Ketentuan Pasal 22 ayat (3) UU Nomor 1 Tahun 2011 menjadi kausal terhambatnya pemenuhan hak konstitusional atas rumah, oleh karena:
- Permasalahan utama dan besar saat ini masih sekitar 57 juta penduduk miskin dan hampir miskin termasuk kelompok MBR yang membutuhkan rumah;
- Masih meluasnya kelompok marginal yang menghuni tempat tinggal tidak manusiawi;
- Kenaikan harga rumah sederhana lebih tinggi dari kenaikan pendapatan;
- Kerapkali luas tanah yang sempit dan terus mahal sehingga harga rumah menjadi mahal;
- Daya beli MBR yang stagnan namun harga rumah meningkat (apalagi dengan luas lantai 36meter persegi) sehingga tidak terjangkau kelompok MBR;
- Menciptakan efek domino yang menghambat terbitnya Ijin Mendirikan bangunan (IMB), dan segala fasilitas subsidi atau pembiayaan perumahan;
- Resisten bagi target pencapaian pembanguan perumahan untuk MBR;
- Tidak bisa diterapkannya fasilitas bebas PPN bagi MBR;
- Memicu eskalasi backlog atau defisit perumahan;
- Memicu meluasnya kawasan permukiman kumuh;
- Menciderai pemenuhan HAM atas rumah, dan
- Melanggar hak konstitusional untuk memperoleh rumah.

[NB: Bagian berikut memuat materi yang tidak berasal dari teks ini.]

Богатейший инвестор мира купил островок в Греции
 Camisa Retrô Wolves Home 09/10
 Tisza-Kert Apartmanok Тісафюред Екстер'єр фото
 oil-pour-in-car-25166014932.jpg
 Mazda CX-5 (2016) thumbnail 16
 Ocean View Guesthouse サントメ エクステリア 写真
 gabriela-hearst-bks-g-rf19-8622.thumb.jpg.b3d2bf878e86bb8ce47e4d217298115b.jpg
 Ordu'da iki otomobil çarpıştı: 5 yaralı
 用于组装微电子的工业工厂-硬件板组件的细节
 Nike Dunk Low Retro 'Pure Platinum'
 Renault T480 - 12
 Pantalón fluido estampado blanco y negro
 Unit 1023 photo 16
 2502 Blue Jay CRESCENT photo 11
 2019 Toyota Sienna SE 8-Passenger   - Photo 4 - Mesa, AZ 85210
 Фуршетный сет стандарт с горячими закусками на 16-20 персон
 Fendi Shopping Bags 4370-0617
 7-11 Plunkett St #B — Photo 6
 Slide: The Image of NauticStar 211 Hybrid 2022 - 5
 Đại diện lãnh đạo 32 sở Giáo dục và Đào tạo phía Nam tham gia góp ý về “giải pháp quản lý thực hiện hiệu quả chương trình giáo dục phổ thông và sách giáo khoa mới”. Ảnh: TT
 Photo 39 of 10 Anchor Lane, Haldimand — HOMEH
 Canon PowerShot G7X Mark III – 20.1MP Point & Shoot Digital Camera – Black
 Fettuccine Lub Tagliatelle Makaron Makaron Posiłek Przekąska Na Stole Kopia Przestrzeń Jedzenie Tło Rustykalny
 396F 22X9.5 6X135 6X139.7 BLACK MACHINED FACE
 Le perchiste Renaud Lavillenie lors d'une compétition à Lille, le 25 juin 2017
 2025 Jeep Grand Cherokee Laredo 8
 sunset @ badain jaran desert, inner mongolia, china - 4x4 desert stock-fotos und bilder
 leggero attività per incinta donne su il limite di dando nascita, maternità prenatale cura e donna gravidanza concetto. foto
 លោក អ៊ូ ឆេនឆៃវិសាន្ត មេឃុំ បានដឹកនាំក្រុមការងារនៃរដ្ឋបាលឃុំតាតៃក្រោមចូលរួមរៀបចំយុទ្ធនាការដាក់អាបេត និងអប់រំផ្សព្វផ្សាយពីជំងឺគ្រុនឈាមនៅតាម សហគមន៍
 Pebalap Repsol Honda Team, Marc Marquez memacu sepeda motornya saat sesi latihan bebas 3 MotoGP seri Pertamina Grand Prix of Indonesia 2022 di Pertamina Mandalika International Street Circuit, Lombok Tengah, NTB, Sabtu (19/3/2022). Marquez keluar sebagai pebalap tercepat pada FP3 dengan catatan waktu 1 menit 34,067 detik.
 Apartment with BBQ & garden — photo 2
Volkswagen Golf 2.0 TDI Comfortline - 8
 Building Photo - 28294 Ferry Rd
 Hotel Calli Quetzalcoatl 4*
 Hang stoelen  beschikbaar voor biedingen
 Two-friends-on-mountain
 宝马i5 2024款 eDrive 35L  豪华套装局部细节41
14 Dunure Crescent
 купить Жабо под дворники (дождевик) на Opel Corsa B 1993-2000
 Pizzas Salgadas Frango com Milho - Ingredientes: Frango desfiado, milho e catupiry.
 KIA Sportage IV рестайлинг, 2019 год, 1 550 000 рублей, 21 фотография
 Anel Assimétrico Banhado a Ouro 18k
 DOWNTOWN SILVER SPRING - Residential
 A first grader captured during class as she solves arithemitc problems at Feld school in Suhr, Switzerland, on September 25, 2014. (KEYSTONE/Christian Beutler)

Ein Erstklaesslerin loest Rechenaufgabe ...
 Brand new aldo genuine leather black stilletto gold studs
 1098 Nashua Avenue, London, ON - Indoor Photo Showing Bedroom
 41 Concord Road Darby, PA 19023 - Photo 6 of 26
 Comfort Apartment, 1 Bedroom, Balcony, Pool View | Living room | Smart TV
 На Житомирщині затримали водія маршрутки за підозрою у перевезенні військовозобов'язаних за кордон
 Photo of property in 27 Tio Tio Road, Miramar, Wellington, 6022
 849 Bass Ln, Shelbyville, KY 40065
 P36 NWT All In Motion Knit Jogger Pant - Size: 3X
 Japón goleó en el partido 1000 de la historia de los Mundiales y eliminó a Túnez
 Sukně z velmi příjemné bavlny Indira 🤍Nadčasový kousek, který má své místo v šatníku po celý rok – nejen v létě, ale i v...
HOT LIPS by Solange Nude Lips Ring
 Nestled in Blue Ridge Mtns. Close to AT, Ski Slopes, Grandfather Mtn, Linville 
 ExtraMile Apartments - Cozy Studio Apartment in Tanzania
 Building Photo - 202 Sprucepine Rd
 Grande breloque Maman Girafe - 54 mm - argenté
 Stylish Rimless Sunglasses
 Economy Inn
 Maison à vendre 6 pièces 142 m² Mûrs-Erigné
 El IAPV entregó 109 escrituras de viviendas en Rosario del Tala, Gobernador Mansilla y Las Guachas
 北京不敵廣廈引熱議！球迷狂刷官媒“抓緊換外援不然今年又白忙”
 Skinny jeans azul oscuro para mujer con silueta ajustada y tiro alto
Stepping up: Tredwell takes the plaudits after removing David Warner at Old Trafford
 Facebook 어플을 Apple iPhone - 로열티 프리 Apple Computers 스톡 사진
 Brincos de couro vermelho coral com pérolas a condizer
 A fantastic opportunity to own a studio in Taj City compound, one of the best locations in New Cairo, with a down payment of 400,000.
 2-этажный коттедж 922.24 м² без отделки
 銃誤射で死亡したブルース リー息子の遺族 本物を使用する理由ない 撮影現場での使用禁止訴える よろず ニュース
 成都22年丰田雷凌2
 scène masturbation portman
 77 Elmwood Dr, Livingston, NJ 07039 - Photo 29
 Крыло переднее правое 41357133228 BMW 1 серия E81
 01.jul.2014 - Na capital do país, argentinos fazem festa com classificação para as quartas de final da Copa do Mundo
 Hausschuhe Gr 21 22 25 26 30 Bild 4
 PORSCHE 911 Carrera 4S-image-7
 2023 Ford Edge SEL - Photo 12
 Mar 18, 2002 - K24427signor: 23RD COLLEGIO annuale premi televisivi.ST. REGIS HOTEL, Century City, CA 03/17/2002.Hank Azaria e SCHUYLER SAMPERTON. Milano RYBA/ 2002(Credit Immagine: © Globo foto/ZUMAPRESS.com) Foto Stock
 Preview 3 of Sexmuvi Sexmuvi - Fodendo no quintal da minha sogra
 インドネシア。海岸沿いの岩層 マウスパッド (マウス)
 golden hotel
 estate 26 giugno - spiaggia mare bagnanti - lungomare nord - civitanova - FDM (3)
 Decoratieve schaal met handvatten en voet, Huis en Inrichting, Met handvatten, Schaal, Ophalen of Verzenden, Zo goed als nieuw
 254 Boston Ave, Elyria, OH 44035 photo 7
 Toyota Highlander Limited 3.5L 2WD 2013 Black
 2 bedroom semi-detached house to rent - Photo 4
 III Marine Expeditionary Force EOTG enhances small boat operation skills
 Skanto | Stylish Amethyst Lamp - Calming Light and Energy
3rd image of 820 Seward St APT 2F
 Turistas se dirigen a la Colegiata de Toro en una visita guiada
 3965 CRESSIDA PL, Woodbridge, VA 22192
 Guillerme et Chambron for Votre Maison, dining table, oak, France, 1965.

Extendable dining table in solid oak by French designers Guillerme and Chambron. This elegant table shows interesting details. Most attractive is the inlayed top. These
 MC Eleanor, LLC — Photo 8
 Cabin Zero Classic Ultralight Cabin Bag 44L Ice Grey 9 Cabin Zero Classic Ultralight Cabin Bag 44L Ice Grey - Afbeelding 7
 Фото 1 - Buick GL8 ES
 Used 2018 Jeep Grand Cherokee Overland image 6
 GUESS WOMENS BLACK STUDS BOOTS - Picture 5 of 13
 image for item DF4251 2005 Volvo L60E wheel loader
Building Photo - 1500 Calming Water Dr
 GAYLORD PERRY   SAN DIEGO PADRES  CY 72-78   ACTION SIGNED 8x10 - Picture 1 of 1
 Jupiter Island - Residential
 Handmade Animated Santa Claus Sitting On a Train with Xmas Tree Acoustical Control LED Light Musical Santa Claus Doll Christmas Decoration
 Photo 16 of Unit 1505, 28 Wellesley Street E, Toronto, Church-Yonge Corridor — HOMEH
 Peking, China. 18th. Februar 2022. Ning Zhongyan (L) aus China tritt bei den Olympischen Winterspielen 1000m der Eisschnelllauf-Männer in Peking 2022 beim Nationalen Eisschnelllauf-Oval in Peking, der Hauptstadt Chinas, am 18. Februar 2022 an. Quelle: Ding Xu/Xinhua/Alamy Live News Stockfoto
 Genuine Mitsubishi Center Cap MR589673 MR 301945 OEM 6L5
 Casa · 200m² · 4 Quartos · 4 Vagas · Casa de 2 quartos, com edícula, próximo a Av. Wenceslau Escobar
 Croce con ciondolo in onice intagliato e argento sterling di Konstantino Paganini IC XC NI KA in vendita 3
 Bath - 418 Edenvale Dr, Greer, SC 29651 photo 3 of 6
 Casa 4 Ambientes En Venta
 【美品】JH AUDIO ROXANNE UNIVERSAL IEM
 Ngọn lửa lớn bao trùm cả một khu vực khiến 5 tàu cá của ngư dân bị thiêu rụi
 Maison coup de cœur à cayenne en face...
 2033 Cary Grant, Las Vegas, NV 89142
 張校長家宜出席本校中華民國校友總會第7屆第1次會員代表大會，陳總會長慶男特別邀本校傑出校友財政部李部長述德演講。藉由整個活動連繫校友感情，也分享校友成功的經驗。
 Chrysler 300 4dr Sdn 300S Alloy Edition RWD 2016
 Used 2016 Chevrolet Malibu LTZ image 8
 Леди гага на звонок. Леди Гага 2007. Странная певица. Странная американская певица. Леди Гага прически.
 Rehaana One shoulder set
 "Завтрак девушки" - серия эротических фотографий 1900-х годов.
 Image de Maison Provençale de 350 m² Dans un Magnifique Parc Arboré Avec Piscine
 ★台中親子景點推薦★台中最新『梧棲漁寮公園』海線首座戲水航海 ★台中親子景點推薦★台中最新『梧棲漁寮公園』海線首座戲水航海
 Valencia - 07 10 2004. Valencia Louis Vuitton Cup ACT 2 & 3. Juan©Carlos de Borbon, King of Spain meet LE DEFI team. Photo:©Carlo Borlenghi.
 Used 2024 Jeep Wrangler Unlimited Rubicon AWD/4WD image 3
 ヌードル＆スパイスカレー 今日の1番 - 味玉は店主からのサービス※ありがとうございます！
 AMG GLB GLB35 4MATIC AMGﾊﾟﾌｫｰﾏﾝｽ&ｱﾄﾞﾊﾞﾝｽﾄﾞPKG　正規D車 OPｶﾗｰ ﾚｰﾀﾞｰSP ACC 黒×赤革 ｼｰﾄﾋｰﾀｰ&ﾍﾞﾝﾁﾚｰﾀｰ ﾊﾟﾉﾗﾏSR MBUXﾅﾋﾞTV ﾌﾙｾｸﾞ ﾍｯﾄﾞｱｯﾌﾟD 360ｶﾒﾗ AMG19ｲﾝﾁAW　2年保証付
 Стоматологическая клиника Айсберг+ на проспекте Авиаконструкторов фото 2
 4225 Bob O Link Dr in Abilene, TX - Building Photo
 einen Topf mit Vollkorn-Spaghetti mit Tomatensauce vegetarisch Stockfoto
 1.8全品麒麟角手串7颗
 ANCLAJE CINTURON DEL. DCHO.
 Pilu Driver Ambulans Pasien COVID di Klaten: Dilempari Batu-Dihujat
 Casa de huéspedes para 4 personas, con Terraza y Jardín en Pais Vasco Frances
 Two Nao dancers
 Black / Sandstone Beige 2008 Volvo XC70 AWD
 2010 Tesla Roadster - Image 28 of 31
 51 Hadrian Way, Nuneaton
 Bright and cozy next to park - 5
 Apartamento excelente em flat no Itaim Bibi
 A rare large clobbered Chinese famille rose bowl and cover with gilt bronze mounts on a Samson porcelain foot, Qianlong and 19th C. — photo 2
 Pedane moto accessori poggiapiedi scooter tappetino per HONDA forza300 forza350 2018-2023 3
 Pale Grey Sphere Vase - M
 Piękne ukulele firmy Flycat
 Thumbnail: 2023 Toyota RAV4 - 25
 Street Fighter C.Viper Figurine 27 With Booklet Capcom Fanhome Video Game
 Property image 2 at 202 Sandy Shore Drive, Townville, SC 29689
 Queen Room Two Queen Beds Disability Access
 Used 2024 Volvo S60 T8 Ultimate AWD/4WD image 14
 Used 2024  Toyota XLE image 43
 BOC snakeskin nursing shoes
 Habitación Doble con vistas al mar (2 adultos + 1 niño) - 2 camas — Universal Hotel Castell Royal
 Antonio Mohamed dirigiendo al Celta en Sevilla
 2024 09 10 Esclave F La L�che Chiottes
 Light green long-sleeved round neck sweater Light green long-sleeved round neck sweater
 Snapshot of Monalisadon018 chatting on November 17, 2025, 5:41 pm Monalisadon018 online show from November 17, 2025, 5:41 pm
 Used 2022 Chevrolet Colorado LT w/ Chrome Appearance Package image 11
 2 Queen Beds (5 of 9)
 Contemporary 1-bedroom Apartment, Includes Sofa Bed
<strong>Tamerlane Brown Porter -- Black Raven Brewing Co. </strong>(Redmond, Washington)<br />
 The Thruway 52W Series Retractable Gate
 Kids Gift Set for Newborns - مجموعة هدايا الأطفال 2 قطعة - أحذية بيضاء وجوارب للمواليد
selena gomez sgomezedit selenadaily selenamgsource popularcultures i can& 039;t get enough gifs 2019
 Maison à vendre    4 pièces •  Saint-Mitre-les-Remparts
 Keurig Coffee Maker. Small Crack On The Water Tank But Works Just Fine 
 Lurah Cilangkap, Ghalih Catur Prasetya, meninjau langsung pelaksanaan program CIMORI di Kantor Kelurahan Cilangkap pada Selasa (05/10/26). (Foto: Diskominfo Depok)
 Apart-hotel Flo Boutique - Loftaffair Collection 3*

Apalagi fasilitas pembiayaan yang tersedia seperti Fasilitas Likuiditas Pembiayaan Perumahan (FLPP) tidak bisa menjangkau seluruh kelompok MBR. FLPP diatur berdasarkan Peraturan Menteri Keuangan (PMK) Nomor 130/PMK.05/2010 tentang Tatacara Penyediaan, Pencairan dan Pertanggungjawaban Dana Fasilitas Likuiditas Pembiayaan Perumahan.
Sebelum diberlakukan skim FLPP, yang diberikan kepada kelompok MBR adalah subsidi uang muka dan subsidi selisih bunga. Dengan adanya skim FLPP, yang bersumber dari pos anggaran Kementerian Perumahan Rakyat yang semula adalah pos anggaran belanja yang dialihkan menjadi pos pembiayaan (Kompas.com, ”FLPP bakal hemat APBN Rp. 21 Triliun”, 26 Oktober 2010).
Kendatipun tersedia FLPP, namun tidak bisa mengakomodasi eskalasi harga beli unit rumah karena struktur dan komponen harga akan meningkat setelah adanya ketentuan luas lantai minimal 36 meter persegi tersebut diberlakukan. Dengan asumsi FLPP sebagai pos pembiayaan maka tidak konsisten dengan kewajiban Pemerintah dalam Pasal 54 ayat (1) UU Nomor 1 Tahun 2011. Semestinya untuk kelompok MBR diberlakukan subsidi bukan pembiayaan. Jika tidak, mungkin satu generasi baru Indonesia bisa merumahkan rakyat. Atau, rakyat sendiri yang menyediakan rumahnya? Alamakjang, betul jugakah dugaan negara “auto pilot” itu?